Litote

De Arbres

La litote est une figure de style qui dit le moins pour exprimer le plus. C'est un procédé d'atténuation de ce qui est dit littéralement, et ce afin d'intensifier ce qui est exprimé. Cette figure est très commune en breton (Fave 1998:122), et parfois complètement grammaticalisée.

Par effet de litote, 'ne pas être malade à l'idée de ne pas faire quelque chose' entre dans une construction dénotant un manque net de volonté ou d'envie de faire ce quelque chose.


(1) N'oun ket klañv defot mond er-meaz.
ne1 suis pas malade à.défaut.de aller dehors
'Je n'ai pas très envie d'aller dehors.'
Léonard, Kervella (2009:109)


Effets stylistiques

(2) Ne vefe ket droug ennon bezañ aet kuit ac'hann.
ne1 serait pas peine en.moi être all.é parti de.là
'Je ne serai pas fâché d'être hors d'ici.'
Standard, Kervella (2002b:60)


(3) N'ema ket diwar an dour.
ne1 est pas de le eau
'Il n'a pas bu que de l'eau.'
Trégorrois, Gros (1984:487)


(4) N'omp ket taer ken war ar c'hirri-nij… '
ne1 sommes pas intense plus sur le 5char-vole
'L'avion, euh… Nous n'y tenons pas tellement… '
Standard, Kervella (2002b:62)


(5) A : Eur paotr speredet eo ar mab ? B : Ya, n'eo ket sod a-bez, pell ahano !
un gars esprit.é est le fils oui ne1 est pas sot complètement loin de.là
'A : - Votre fils est intelligent ? B : - Oui, il n'est pas complètement sot, loin de là !'
Léonard (Cléder), Fave (1998:122)


Tournures grammaticalisées

Une expression stylistique qui pratique un effet de litote peut être grammaticalisée dans la langue. C'est un point de non-retour où l'expression ne perd sa signification littérale. Sémantiquement, elle n'est plus compositionnelle. Le module sémantique lui assigne un sens en bloc, et non plus à partir d'un calcul de ses constituants.

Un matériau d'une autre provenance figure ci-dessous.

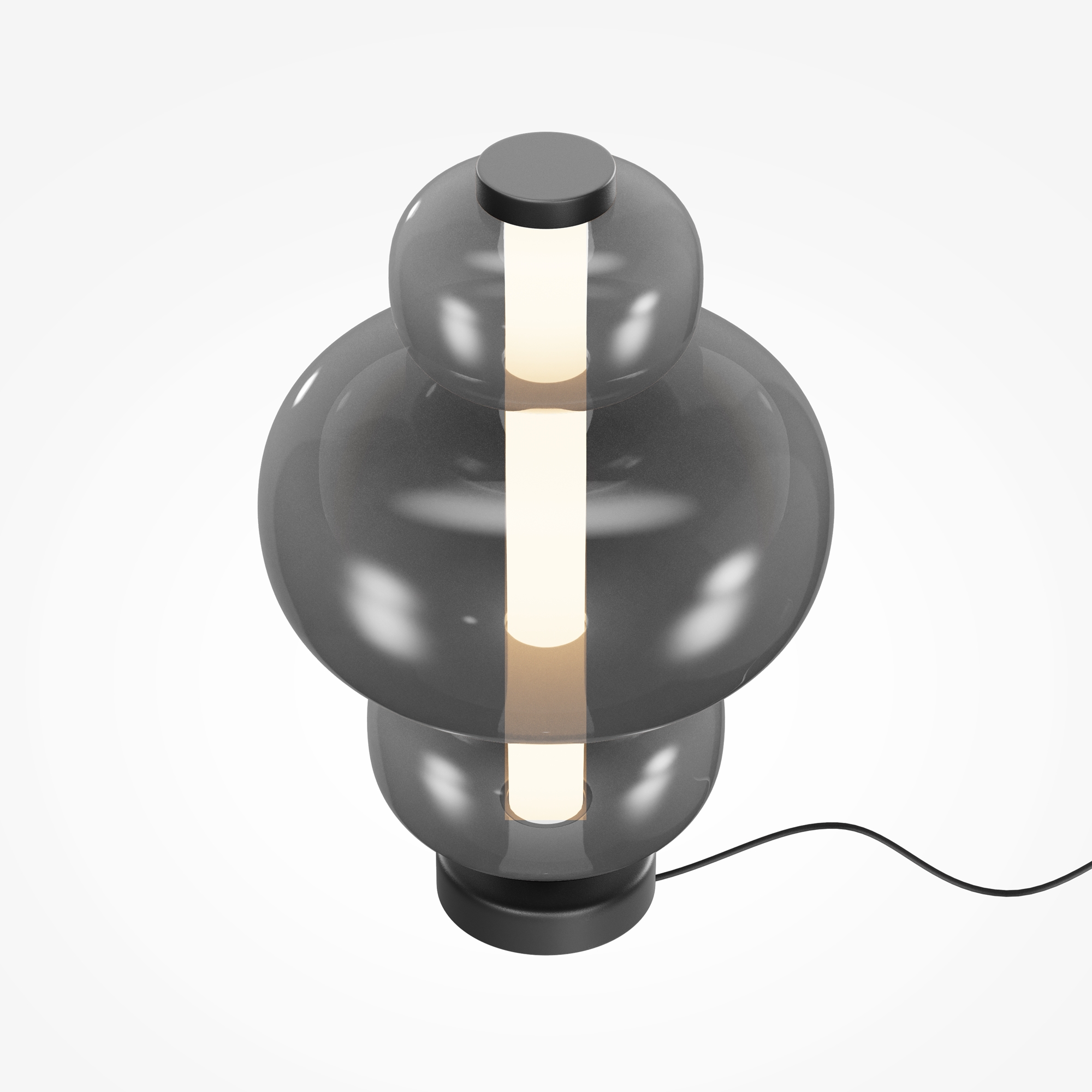 Дополнительная картинка Настольный светильник Maytoni MOD364TL-L15B3K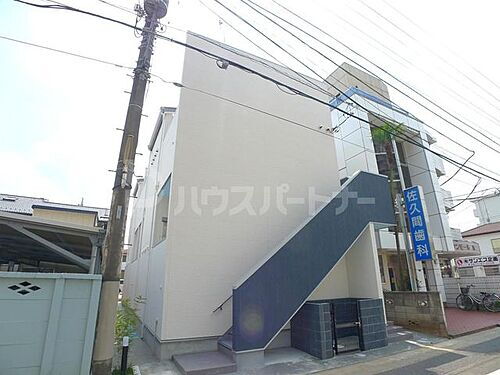 千葉県柏市旭町７丁目 賃貸アパート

Un exemple de grammaticalisation courante d'une litote est probablement Ne c'houlan ket qui signifie 'Je refuse (de)', qui ne signifie plus 'Je ne demande pas (à)'. Il y en a d'autres, comme meur a dra, littéralement 'plus d'une chose' mais utilisé pour traduire 'beaucoup'. La phrase en (1) est incorrecte avec un contexte où les voisins s'échangent deux choses, ce qui serait assez pour la justifier dans son sens littéral.

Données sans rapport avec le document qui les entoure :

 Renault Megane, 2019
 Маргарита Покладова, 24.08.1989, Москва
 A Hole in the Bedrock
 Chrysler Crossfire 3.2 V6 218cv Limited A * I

(1) Gant an amezeien e veze rannet meur a dra.
avec le voisin.s R4 était partag.é plusieurs de1 chose
'On partageait beaucoup avec les voisins.'
Cornouaillais (Ploéven), Gouérec (2018:12)

variation dialectale

Certaines tournures sont restreintes à un dialecte, comme N'eo ket a boan 'Il ne faut pas' (< 'ce n'est pas la peine'), ou pasabl 'souvent' (<'un peu').

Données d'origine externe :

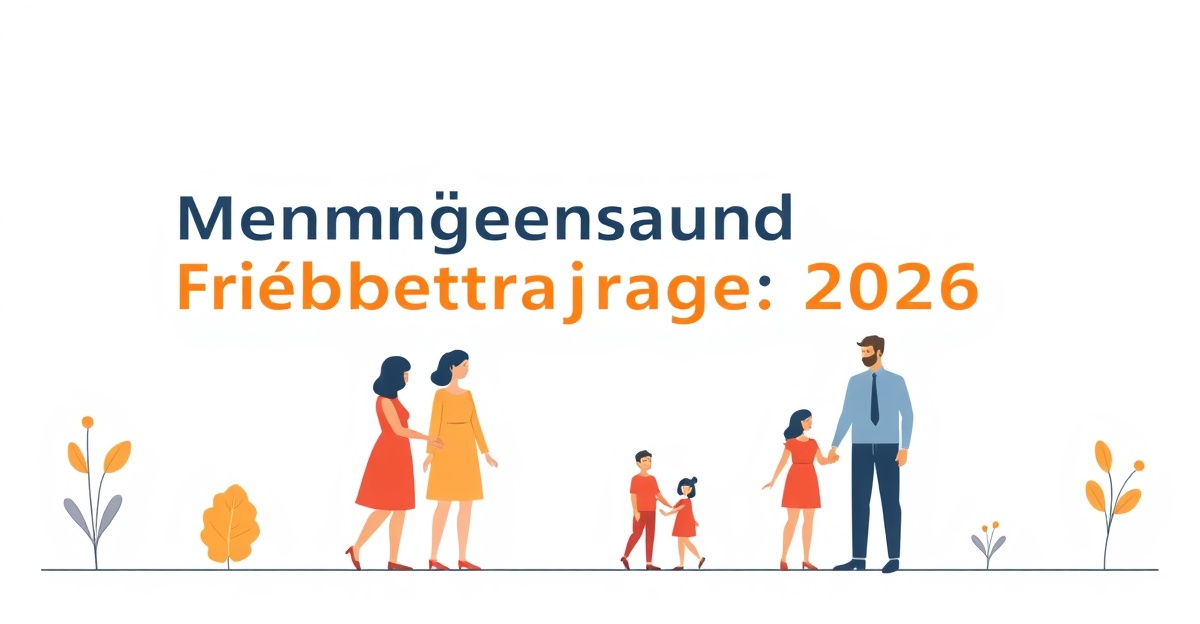 Vermögensgrenze und Freibeträge 2026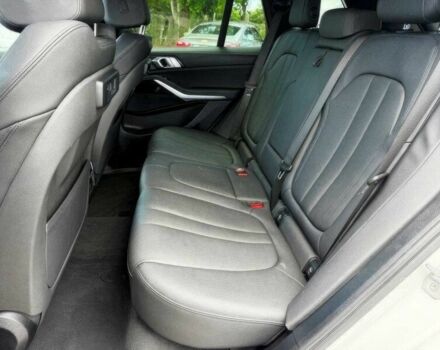 БМВ Х5 2020 в Тернополе на Automoto.ua Белый БМВ Х5, объемом двигателя 3 л и пробегом 33 тыс. км за 8500 $, фото 11 на Automoto.ua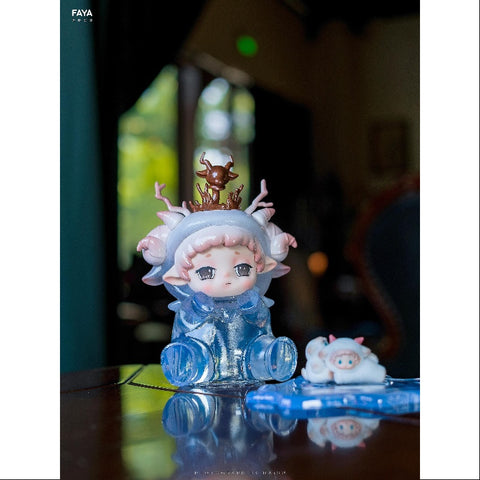 FAYA Let It Faya Series SLEEPING LAMB FAYA Let It Faya Series SLEEPING LAMB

(2) N'eo ket a boan kaoud aon, kwa.
ne1 est pas de1 peine avoir peur quoi
'Il ne faut pas avoir peur, quoi.'
Trégorrois, Blanchard (2016)


(3) Implijet ' vez pasabl an teknik diwezhañ-mañ e broioù Europa ar Reter.
employ.é R1 est souvent le technique dernier-ci en pays.s Europe le est
'Cette dernière technique est employée souvent dans les pays d'Europe de l'Est.'
Vannetais, Ar Rouz (2013a:21)

À ne pas confondre

Une antiphrase aurait dit sémantiquement le contraire exact de ce qui est exprimé en discours, en utilisant l'ironie pour que l'interlocuteur ne se trompe pas sur l'intention (yeux au ciel : Je meurs d'envie d'aller dehors). Un euphémisme est aussi une figure de discours qui joue sur l'atténuation, mais contrairement à la litote son effet n'est pas d'intensifier une lecture (Il fait un temps moyen (quand il pleut des hallebardes)).


Bibliographie

  • Le Berre, Yves. 2011. 'La force et l'élégance. Les litotes dans la Passion bretonne de 1530', Nelly Blanchard, Ronan Calvez, Yves Le Berre, Daniel Le Bris, Jean Le Dû, Mannaig Thomas (dir.), La Bretagne Linguistique 16, CRBC, 123-150. texte.